Work task => Each line of the records that holds the word "standing" should be copied out.

Source information =>
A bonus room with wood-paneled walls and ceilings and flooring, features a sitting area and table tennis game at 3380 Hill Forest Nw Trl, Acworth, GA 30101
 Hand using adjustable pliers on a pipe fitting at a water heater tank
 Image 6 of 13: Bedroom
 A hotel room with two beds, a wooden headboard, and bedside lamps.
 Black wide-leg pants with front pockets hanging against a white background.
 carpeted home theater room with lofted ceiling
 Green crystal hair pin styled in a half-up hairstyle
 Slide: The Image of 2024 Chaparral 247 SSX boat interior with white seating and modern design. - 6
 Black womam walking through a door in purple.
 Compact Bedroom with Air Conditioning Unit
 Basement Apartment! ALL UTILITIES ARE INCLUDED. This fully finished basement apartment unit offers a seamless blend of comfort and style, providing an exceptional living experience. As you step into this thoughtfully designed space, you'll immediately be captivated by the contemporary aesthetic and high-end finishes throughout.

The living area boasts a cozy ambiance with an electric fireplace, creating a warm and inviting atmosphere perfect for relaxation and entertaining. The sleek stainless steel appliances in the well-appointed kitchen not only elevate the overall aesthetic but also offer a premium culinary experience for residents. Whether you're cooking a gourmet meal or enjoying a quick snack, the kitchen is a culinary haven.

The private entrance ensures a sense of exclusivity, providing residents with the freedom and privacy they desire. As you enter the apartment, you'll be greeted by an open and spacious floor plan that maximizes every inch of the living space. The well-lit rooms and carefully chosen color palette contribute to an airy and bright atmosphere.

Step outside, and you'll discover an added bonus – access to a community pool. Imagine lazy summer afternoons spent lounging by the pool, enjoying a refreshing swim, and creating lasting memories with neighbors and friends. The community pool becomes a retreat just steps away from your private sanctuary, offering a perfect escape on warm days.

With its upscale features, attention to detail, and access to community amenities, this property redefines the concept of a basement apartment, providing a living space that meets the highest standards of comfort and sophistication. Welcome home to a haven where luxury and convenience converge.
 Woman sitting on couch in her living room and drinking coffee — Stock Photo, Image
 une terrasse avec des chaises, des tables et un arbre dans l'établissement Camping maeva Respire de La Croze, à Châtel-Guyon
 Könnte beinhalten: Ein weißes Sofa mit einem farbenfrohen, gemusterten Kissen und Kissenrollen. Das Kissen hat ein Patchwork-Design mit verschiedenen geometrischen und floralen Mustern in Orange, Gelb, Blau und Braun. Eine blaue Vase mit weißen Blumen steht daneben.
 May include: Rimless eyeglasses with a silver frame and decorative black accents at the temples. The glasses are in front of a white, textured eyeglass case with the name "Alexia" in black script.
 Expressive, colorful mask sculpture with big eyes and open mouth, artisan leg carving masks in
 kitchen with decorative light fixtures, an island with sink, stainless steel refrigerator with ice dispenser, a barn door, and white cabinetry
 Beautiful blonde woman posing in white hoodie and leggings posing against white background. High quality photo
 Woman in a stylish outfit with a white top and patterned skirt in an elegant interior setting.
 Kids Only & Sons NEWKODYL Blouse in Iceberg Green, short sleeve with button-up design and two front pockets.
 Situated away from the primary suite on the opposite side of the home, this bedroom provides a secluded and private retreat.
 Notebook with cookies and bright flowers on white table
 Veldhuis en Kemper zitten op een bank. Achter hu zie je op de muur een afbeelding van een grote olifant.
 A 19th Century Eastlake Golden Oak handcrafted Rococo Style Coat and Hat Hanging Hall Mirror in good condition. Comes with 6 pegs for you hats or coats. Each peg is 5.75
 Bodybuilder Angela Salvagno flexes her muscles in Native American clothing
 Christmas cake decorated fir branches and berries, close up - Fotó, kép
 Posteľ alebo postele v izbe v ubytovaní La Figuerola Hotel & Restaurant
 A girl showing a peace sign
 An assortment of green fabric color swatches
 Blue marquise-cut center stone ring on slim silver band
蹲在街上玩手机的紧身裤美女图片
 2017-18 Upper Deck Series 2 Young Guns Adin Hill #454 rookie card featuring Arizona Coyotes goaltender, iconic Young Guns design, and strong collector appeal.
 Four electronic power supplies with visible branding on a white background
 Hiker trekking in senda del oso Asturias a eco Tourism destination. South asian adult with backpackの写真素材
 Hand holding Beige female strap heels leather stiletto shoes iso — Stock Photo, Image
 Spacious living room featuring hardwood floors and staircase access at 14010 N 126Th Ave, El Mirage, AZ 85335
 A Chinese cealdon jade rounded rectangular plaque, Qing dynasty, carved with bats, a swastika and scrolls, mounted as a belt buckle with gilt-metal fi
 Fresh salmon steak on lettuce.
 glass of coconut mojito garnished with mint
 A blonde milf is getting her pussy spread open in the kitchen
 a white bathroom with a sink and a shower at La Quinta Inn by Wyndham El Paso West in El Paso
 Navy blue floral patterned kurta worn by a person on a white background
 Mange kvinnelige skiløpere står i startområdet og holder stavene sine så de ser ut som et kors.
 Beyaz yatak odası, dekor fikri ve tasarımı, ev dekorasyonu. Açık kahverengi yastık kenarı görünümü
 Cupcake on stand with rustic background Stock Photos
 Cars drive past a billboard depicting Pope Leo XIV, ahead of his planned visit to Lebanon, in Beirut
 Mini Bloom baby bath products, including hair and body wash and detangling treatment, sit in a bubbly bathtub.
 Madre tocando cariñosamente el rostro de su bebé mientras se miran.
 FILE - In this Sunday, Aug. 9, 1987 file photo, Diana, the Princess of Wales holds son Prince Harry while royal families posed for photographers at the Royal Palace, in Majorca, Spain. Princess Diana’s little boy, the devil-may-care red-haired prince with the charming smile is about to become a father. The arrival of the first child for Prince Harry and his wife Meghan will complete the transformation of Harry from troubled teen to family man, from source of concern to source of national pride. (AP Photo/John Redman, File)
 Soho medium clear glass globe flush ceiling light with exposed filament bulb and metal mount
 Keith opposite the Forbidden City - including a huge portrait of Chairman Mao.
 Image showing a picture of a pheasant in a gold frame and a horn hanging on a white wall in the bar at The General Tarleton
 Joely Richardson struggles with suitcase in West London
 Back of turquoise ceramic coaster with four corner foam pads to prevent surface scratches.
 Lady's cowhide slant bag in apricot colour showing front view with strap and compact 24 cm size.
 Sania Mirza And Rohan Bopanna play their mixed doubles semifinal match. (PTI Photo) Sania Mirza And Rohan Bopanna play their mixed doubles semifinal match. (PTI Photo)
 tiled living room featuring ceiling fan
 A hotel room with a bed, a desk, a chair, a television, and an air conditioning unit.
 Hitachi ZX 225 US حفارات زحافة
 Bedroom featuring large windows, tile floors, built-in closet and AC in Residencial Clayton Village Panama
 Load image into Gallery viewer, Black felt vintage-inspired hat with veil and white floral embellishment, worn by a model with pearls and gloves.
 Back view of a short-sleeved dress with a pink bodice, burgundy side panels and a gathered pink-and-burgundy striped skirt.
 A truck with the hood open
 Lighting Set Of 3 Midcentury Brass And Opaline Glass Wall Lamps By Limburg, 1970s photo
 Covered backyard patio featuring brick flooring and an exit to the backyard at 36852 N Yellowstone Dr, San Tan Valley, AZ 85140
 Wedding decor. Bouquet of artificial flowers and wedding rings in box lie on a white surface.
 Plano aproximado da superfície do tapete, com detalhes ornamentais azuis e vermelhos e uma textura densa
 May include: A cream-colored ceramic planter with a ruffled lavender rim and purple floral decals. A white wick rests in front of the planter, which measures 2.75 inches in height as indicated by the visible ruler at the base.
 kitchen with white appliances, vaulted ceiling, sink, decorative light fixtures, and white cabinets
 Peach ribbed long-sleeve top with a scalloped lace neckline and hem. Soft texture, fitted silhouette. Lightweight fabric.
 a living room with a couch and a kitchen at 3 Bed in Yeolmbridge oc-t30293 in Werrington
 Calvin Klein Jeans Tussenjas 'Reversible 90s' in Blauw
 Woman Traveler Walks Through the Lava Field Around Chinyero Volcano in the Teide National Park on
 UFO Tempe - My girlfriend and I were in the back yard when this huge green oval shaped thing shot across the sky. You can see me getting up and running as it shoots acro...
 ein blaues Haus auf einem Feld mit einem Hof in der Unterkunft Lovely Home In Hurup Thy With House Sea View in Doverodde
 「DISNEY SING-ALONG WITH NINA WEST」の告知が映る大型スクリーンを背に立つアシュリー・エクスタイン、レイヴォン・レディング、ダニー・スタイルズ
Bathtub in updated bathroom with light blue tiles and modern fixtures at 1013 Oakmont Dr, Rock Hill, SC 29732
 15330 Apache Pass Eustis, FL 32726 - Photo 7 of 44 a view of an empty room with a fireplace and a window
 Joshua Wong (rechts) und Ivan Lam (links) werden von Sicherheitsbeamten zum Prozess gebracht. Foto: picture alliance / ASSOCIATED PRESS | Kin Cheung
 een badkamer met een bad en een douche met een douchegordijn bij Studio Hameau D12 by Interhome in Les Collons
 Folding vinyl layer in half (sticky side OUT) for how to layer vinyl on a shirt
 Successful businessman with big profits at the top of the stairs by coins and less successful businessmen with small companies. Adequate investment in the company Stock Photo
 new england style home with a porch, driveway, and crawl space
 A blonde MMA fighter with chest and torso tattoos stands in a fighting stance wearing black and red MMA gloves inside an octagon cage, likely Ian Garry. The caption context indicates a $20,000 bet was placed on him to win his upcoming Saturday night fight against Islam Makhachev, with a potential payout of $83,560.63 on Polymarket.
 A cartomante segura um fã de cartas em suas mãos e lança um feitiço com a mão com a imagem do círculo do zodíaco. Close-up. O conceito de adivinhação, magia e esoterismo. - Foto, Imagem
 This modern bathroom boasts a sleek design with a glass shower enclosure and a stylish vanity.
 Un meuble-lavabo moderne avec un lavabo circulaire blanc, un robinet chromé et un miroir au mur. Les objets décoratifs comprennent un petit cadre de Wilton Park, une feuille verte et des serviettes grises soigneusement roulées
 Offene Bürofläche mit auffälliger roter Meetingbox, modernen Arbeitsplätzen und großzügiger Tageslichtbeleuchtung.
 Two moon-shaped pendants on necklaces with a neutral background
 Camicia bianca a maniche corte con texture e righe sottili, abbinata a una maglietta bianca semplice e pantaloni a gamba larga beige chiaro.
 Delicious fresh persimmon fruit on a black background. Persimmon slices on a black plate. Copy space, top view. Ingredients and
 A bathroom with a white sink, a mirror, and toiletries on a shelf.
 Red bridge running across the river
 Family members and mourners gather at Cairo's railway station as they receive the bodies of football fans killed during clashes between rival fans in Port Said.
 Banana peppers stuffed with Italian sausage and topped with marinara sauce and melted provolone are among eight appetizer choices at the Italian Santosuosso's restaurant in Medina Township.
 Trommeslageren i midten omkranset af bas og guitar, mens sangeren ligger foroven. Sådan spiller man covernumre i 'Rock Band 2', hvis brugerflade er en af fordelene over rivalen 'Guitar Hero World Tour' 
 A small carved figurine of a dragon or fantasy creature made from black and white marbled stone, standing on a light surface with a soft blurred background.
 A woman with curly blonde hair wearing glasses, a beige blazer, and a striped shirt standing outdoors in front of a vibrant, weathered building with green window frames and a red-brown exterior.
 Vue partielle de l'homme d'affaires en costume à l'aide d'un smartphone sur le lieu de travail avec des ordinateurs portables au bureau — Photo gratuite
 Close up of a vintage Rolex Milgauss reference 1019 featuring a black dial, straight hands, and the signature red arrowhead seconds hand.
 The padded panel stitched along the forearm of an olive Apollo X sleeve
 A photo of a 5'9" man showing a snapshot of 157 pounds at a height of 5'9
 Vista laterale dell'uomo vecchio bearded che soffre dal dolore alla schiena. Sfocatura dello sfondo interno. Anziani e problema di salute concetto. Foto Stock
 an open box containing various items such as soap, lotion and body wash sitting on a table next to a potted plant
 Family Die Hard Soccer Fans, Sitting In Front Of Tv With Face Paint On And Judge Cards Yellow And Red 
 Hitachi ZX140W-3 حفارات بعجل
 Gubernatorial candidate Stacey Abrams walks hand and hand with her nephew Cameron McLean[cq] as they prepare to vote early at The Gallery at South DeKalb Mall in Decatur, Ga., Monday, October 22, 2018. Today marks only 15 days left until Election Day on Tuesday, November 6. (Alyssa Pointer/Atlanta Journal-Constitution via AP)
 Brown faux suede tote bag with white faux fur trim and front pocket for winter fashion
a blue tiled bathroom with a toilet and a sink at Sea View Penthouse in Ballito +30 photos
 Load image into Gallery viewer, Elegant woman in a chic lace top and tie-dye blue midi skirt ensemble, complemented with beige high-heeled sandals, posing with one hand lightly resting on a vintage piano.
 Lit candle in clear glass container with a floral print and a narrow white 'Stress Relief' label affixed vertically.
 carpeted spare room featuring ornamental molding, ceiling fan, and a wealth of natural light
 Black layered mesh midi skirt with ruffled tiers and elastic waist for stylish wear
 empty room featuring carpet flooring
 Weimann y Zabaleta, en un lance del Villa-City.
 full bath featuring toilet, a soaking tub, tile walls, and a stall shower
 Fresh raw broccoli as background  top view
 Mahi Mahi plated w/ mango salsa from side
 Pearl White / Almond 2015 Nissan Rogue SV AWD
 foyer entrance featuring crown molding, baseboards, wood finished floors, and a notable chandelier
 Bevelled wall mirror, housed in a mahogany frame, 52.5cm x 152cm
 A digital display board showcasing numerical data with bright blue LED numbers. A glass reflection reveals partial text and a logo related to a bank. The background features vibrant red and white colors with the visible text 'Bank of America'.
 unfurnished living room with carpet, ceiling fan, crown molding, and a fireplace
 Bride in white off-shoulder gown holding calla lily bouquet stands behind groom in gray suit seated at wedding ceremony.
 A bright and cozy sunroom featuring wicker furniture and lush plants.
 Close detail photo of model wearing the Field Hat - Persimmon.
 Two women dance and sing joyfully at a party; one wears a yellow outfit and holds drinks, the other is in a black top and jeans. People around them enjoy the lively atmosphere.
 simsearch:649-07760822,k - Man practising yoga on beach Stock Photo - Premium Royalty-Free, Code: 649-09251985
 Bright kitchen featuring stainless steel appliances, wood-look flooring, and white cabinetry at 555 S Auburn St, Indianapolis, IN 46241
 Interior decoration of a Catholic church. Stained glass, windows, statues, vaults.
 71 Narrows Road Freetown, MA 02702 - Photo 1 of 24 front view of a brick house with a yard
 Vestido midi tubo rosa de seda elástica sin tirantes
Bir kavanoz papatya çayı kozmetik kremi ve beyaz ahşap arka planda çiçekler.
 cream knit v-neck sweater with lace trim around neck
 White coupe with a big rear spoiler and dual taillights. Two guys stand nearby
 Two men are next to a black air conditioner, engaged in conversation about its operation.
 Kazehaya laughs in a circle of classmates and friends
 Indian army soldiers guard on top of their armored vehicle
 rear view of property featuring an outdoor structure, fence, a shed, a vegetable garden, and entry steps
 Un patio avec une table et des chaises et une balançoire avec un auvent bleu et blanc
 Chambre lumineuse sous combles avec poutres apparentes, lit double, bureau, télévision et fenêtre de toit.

Result for this task =>
 A small carved figurine of a dragon or fantasy creature made from black and white marbled stone, standing on a light surface with a soft blurred background.
 A woman with curly blonde hair wearing glasses, a beige blazer, and a striped shirt standing outdoors in front of a vibrant, weathered building with green window frames and a red-brown exterior.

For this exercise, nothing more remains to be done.